* [Entries provided]:
Start of Block
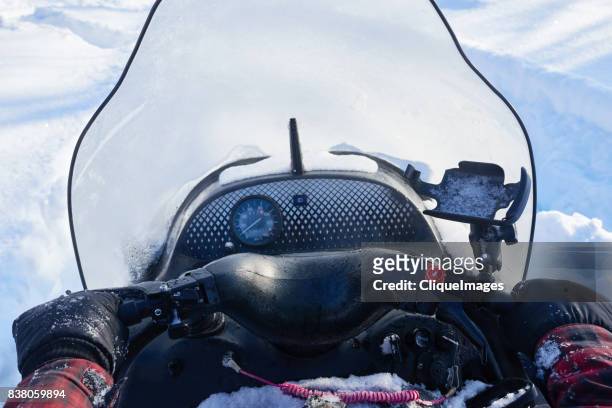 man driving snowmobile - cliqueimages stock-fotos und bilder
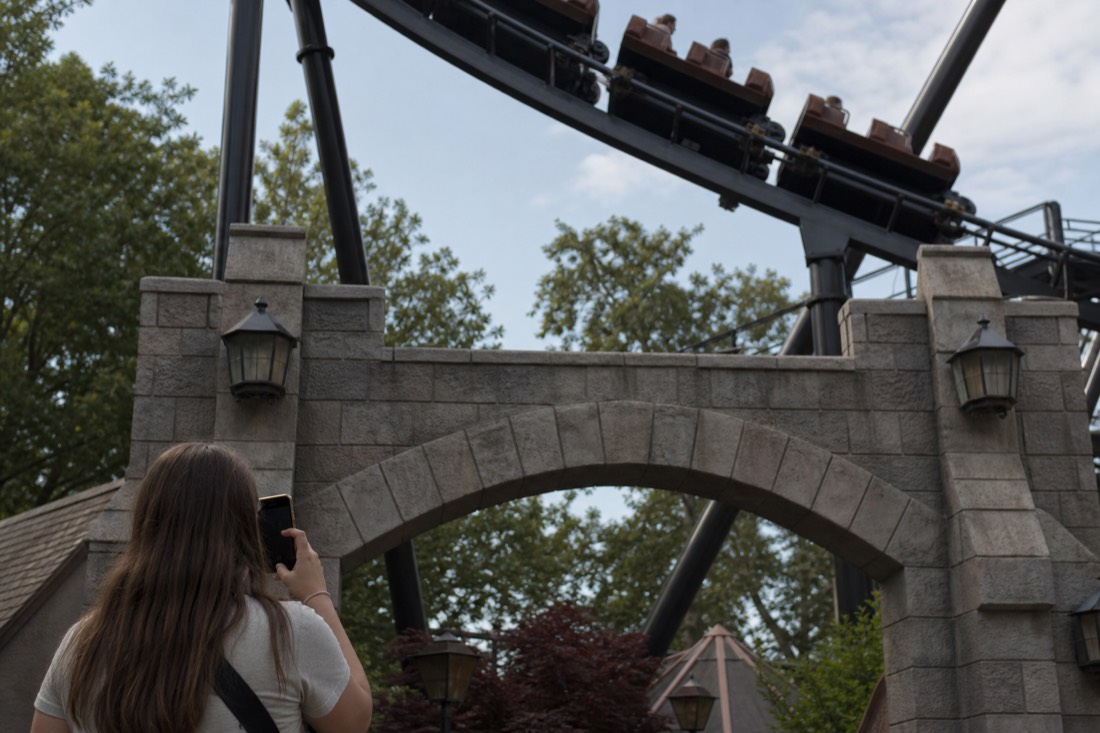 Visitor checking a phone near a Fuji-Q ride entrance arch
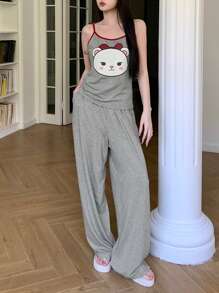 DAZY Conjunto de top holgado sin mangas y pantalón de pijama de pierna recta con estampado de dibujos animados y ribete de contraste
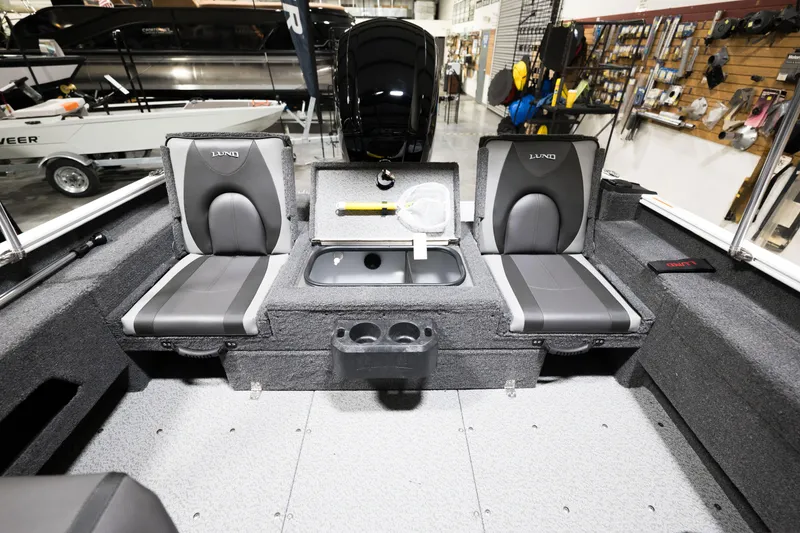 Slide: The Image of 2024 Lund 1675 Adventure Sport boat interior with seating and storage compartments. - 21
End of Block
Start of Block
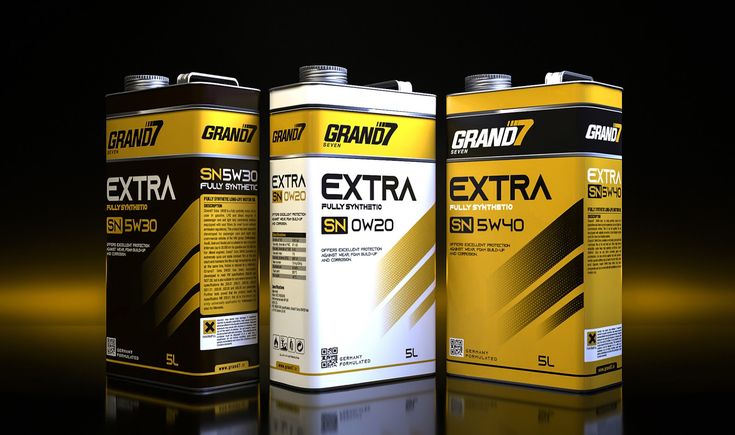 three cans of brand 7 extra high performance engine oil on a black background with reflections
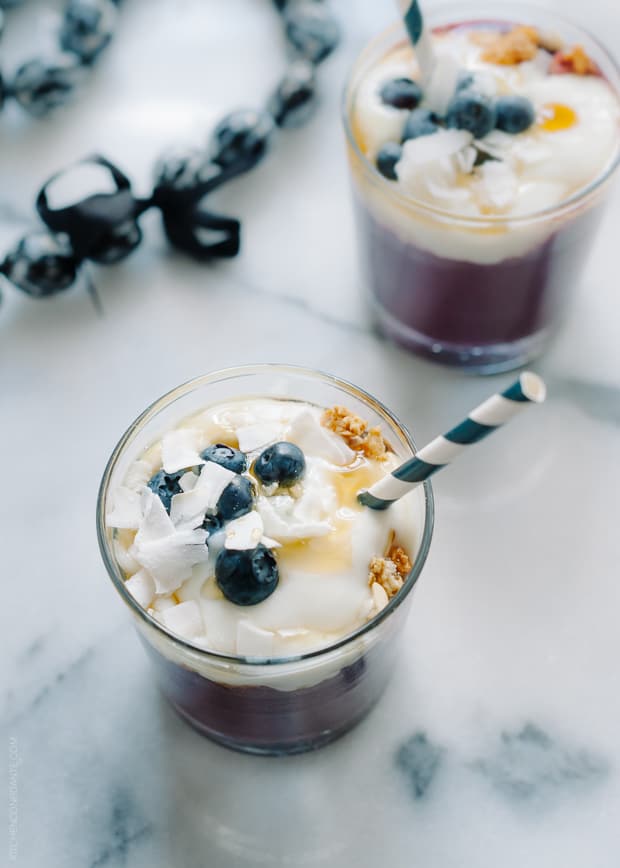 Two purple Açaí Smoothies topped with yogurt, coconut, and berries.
End of Block
Here the job is to copy the stretch of records from the line containing "DAZY Conjunto de" through the line containing "Slide: The Image", word for word. Leave every picture out.

* [Response for this exercise]:
 DAZY Conjunto de top holgado sin mangas y pantalón de pijama de pierna recta con estampado de dibujos animados y ribete de contraste
 Slide: The Image of 2024 Lund 1675 Adventure Sport boat interior with seating and storage compartments. - 21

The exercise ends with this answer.